Search code examples
rquanteda

Logical combinations in quanteda dictionaries


I'm using the quanteda dictionary lookup. I'll try to formulate entries where i can lookup logical combinations of words.

For example:

Teddybear = (fluffy AND adorable AND soft)

Is this possible? I only found a solution yet to test for phrases like (Teddybear = (soft fluffy adorable)). But then it has to be the exact phrase match in the text. But how can I get results neglecting the order of the words?


Solution

  • This is not currently something that is directly possible in quanteda (v1.2.0). However, there are workarounds in which you create dictionary sequences that are permutations of your desired sequence. Here is one such solution.

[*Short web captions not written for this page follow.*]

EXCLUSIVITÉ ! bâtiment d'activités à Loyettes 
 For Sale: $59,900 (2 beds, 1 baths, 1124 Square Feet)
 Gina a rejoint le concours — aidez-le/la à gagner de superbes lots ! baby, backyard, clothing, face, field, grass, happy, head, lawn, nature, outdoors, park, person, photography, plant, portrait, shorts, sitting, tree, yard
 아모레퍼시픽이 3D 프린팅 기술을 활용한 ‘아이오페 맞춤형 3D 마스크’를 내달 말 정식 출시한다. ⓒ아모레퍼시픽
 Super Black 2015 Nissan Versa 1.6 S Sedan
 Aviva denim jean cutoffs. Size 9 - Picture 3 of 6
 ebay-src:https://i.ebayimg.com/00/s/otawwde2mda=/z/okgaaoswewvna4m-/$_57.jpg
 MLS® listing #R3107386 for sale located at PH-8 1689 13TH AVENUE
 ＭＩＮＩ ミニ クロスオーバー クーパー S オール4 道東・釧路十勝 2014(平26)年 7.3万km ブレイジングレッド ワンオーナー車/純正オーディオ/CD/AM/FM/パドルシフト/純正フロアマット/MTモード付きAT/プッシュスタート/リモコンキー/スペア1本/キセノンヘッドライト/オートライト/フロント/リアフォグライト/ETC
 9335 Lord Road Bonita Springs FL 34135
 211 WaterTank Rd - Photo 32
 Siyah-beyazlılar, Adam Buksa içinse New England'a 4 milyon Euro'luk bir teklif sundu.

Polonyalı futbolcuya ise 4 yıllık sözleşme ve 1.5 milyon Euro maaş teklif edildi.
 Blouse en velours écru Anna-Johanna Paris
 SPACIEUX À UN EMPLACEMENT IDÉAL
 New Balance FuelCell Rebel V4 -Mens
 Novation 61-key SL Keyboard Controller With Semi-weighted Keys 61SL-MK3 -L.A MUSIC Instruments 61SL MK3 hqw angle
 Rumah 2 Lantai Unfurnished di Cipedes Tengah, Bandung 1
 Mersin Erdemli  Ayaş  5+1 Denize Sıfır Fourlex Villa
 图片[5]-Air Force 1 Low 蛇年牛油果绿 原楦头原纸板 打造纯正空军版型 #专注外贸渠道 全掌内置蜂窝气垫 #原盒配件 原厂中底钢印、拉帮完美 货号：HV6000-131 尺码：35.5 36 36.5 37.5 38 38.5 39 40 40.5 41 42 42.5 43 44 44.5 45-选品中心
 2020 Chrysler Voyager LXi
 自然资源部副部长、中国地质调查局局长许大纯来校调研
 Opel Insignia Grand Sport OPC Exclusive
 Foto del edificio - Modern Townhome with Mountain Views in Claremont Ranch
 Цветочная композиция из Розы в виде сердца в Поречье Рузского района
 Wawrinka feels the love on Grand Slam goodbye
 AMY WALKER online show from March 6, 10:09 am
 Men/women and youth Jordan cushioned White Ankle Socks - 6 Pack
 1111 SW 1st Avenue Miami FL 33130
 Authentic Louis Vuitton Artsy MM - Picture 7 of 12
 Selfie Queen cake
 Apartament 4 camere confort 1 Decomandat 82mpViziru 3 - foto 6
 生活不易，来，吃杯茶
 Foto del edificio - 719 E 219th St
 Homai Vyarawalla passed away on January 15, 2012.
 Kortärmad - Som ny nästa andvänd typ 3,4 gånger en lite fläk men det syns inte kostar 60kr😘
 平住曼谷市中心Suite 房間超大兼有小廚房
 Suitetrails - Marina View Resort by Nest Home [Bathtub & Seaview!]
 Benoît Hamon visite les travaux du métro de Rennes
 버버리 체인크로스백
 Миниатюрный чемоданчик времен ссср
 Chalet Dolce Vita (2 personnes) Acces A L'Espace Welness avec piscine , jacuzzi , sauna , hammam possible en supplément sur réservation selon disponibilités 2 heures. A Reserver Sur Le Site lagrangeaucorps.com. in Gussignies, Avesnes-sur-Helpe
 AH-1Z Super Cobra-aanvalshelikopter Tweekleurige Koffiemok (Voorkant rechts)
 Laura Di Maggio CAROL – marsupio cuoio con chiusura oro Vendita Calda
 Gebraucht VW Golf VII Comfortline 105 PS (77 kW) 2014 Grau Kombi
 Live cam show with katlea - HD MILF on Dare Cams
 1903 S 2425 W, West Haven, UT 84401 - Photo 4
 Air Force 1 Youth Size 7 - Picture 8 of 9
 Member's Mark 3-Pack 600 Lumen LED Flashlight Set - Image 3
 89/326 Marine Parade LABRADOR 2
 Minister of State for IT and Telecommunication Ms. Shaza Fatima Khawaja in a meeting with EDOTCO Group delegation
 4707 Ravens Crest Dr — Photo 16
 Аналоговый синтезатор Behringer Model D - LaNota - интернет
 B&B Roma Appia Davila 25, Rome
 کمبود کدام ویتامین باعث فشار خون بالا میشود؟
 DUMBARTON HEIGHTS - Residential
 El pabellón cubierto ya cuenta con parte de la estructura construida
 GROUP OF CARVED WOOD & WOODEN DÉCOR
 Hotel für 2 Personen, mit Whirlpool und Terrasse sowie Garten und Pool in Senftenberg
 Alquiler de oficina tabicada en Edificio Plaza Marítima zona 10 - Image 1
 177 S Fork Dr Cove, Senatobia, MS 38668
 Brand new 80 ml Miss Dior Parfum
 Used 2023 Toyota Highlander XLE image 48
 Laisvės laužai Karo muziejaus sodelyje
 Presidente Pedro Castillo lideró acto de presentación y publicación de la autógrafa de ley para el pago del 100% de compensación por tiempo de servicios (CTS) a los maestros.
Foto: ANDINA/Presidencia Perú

    First, I will create some example texts. Note that the sequences are separated by either "," or "and" in some cases. Also, the third text has just two of your phrases rather than three. (More on that in a moment.)

    txt <- c("The toy was fluffy, adorable and soft, he said.",
             "The soft, adorable, fluffy toy was on the floor.",
             "The fluffy, adorable toy was shaped like a bear.")
    

    Now, let's generate a pair of functions to generate permutation sequences and subsequences from a vector. These will use some functions from the combinat package. The first is an inner function to generate permutations, the second is the main calling function that can generate full-length permutations or any subsample down to subsample_limit. (To use these more generally, of course, I'd add error checking, but I've skipped that for this example.)

    genperms <- function(vec) {
        combs <- combinat::permn(vec)
        sapply(combs, paste, collapse = " ")
    }
    
    # vec any vector
    # subsample_limit integer from 1 to length(vec), subsamples from
    # which to return permutations; default is no subsamples
    permutefn <- function(vec, subsample_limit = length(vec)) {
        ret <- character()
        for (i in length(vec):subsample_limit) {
            ret <- c(ret, 
                     unlist(lapply(combinat::combn(vec, i, simplify = FALSE), 
                                   genperms)))
        }
        ret
    }
    

    To demonstrate how these work:

    fas <- c("fluffy", "adorable", "soft")
    permutefn(fas)
    # [1] "fluffy adorable soft" "fluffy soft adorable" "soft fluffy adorable"
    # [4] "soft adorable fluffy" "adorable soft fluffy" "adorable fluffy soft"
    
    # and with subsampling:
    permutefn(fas, 2)
    #  [1] "fluffy adorable soft" "fluffy soft adorable" "soft fluffy adorable"
    #  [4] "soft adorable fluffy" "adorable soft fluffy" "adorable fluffy soft"
    #  [7] "fluffy adorable"      "adorable fluffy"      "fluffy soft"         
    # [10] "soft fluffy"          "adorable soft"        "soft adorable" 
    

    Now apply these to the texts using tokens_lookup(). I've avoided the punctuation issue by setting remove_punct = TRUE. To show the original tokens not replaced, I have also uses exclusive = FALSE.

    tokens(txt, remove_punct = TRUE) %>%
        tokens_lookup(dictionary = dictionary(list(teddybear = permutefn(fas))),
                      exclusive = FALSE)
    # tokens from 3 documents.
    # text1 :
    # [1] "The"      "toy"      "was"      "fluffy"   "adorable" "and"      "soft"    
    # [8] "he"       "said"    
    # 
    # text2 :
    # [1] "The"      "TEDDYBEAR" "toy"       "was"       "on"        "the"      
    # [8] "floor"    
    # 
    # text3 :
    # [1] "The"      "fluffy"   "adorable" "toy"      "was"      "shaped"   "like"    
    # [8] "a"        "bear"   
    

    The first case here was not caught, because the second and third elements were separated by "and". We can remove that using tokens_remove(), and then get the match:

    tokens(txt, remove_punct = TRUE) %>%
        tokens_remove("and") %>%
        tokens_lookup(dictionary = dictionary(list(teddybear = permutefn(fas))),
                      exclusive = FALSE)
    # tokens from 3 documents.
    # text1 :
    # [1] "The"       "toy"       "was"       "TEDDYBEAR" "he"        "said"     
    # 
    # text2 :
    # [1] "The"       "TEDDYBEAR" "toy"       "was"       "on"        "the"       "floor"    
    # 
    # text3 :
    # [1] "The"      "fluffy"   "adorable" "toy"      "was"      "shaped"   "like"    
    # [8] "a"        "bear"  
    

    Finally, to match the third text in which just two of the three dictionary elements exist, we can pass 2 as the subsample_limit argument:

    tokens(txt, remove_punct = TRUE) %>%
        tokens_remove("and") %>%
        tokens_lookup(dictionary = dictionary(list(teddybear = permutefn(fas, 2))), 
                      exclusive = FALSE)
    # tokens from 3 documents.
    # text1 :
    # [1] "The"       "toy"       "was"       "TEDDYBEAR" "he"        "said"     
    # 
    # text2 :
    # [1] "The"       "TEDDYBEAR" "toy"       "was"       "on"        "the"       "floor"    
    # 
    # text3 :
    # [1] "The"       "TEDDYBEAR" "toy"       "was"       "shaped"    "like"      "a"        
    # [8] "bear" 
    #